Nam June Paik's 'Hommage a John Cage' emerges from the nearly-hardened musique concrete in its bits and pieces of voice and tone and drone, sensibly preceding John Cage's 'Rozart Mix' of classical orchestral and baby screeching and anthems and so on and so on and so on. Sonic Youth's 'Audience' (1983) brings the squalling squalor of the popmusic audience into bas-relief as the hoots and whistles thereof are slowed and delayed into a wilderness triptych parallelling some coeval work of Vagina Dentata Organ. The very dead modern-day composer Edgard Varèse reappears with his 'Poeme Electronique', and Iannis Xenakis follows with the crystalline metallic crackling of 'Concret PH'. Paul D. Miller's 'FTP > Bundle / Conduit 23' reveals itself like a severed penis - many tendons and tissues and tubes of sound, collective tissues carrying information at varying rates and some of the information is a series of bells; blood flowing in an underlying ambiance that bolsters the piano and the seconds ticking so vitally away.
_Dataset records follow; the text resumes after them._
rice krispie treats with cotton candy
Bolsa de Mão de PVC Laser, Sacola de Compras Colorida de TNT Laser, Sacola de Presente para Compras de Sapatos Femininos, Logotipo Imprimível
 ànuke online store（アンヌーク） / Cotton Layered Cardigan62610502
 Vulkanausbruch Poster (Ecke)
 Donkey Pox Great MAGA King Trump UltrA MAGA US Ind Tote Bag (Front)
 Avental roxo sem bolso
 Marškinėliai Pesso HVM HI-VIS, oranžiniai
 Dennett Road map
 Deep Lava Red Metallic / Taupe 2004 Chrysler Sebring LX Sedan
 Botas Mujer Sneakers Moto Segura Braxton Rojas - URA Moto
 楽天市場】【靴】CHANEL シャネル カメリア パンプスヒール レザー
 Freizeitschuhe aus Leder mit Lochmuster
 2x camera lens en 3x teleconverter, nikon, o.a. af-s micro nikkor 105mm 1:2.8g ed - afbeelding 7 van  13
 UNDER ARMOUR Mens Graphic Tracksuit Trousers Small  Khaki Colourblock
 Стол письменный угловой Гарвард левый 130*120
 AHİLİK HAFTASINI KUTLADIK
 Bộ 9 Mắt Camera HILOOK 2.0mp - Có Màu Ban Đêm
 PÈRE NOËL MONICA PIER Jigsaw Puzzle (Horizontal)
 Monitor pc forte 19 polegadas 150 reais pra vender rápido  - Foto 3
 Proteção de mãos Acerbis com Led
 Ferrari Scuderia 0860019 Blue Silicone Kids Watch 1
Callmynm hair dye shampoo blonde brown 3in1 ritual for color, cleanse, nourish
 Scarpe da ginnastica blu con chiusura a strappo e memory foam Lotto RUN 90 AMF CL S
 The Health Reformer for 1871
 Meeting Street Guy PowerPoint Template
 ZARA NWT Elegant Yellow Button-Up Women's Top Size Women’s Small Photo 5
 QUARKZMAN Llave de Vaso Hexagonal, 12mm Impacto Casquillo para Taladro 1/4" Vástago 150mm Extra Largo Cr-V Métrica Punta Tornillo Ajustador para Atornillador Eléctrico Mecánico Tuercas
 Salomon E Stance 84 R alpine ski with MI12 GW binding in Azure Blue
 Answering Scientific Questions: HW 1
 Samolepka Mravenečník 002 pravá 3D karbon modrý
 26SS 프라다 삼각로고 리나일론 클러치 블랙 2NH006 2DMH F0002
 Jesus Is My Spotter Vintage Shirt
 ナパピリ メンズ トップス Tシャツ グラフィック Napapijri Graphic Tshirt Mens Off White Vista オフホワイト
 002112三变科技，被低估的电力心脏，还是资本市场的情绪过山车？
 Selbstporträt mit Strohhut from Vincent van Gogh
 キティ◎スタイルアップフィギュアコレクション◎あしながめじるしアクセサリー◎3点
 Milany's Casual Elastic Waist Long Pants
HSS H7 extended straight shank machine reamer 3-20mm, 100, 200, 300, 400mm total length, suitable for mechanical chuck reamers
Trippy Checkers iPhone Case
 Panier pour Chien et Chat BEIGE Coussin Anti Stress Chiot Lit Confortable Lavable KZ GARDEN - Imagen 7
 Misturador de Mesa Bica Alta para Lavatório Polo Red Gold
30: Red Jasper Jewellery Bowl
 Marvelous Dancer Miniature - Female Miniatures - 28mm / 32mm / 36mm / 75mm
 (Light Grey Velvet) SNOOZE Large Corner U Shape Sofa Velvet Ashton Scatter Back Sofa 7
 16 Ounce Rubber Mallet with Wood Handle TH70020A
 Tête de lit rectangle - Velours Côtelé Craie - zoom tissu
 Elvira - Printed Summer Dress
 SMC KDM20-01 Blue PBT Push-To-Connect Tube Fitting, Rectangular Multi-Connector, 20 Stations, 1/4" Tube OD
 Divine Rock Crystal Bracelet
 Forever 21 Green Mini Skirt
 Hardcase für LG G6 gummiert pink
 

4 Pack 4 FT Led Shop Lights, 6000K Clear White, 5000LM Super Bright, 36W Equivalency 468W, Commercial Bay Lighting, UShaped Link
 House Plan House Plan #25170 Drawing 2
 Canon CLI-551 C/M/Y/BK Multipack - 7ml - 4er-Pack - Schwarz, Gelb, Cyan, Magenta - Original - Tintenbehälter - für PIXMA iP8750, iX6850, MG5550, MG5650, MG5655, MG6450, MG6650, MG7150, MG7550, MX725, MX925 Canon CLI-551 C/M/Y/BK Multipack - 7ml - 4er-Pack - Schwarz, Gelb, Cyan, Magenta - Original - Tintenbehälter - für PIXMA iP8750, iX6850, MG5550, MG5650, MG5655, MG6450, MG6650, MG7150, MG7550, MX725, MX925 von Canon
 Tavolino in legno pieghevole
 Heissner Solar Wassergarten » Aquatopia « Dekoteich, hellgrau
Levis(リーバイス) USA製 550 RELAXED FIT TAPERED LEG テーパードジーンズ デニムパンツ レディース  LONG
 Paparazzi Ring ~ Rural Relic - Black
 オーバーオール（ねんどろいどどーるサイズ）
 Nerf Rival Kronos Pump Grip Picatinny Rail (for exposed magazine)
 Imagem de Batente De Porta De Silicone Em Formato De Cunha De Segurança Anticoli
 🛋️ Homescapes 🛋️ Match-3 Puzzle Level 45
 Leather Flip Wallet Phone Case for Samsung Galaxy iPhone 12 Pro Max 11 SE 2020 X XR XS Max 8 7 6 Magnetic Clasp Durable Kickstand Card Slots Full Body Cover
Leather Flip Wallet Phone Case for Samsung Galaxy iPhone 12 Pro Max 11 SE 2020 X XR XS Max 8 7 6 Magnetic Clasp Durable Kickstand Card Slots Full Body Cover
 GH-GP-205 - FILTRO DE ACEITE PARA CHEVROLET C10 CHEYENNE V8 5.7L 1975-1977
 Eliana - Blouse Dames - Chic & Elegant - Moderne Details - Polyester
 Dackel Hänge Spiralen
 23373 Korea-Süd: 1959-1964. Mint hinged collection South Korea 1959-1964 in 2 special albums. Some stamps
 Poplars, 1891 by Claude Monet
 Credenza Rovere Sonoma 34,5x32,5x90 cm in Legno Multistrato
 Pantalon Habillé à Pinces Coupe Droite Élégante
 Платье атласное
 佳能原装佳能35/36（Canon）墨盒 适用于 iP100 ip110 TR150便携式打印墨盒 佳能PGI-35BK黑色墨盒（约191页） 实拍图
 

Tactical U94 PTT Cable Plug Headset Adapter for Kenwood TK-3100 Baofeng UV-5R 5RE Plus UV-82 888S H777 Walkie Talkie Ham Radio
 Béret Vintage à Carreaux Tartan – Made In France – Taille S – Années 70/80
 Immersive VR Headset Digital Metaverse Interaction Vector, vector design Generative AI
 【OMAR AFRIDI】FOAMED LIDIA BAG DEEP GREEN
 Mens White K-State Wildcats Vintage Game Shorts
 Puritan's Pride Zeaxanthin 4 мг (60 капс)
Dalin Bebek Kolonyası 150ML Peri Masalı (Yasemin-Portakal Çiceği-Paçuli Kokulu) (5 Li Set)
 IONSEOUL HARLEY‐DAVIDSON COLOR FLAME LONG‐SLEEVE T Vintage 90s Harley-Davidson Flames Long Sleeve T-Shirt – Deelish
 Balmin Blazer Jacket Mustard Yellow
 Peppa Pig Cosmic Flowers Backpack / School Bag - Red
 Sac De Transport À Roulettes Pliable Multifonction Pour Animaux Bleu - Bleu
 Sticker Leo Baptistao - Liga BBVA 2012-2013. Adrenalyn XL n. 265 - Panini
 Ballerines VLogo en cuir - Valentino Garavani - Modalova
Pauline Oliveros' 'A Little Noise in the System (Moog System)' spits in a lock groove and then smears the evanescent crackling over the course of a half-hour, travelling from a mild crumbling to a speaker-eating, rapidly fluctuating shitstorm of drones. Ryoji Ikeda's 'One Minute' is just that - test tones in the higher pitches, with occasional grumbles that segue nicely into the opening of the cd player tray.

These pieces are a bit like General Custer's horse escaping the battle of Little Bighorn - difficult to decipher and understand but nonetheless a testament to a time of great change whose effects are still felt to this day.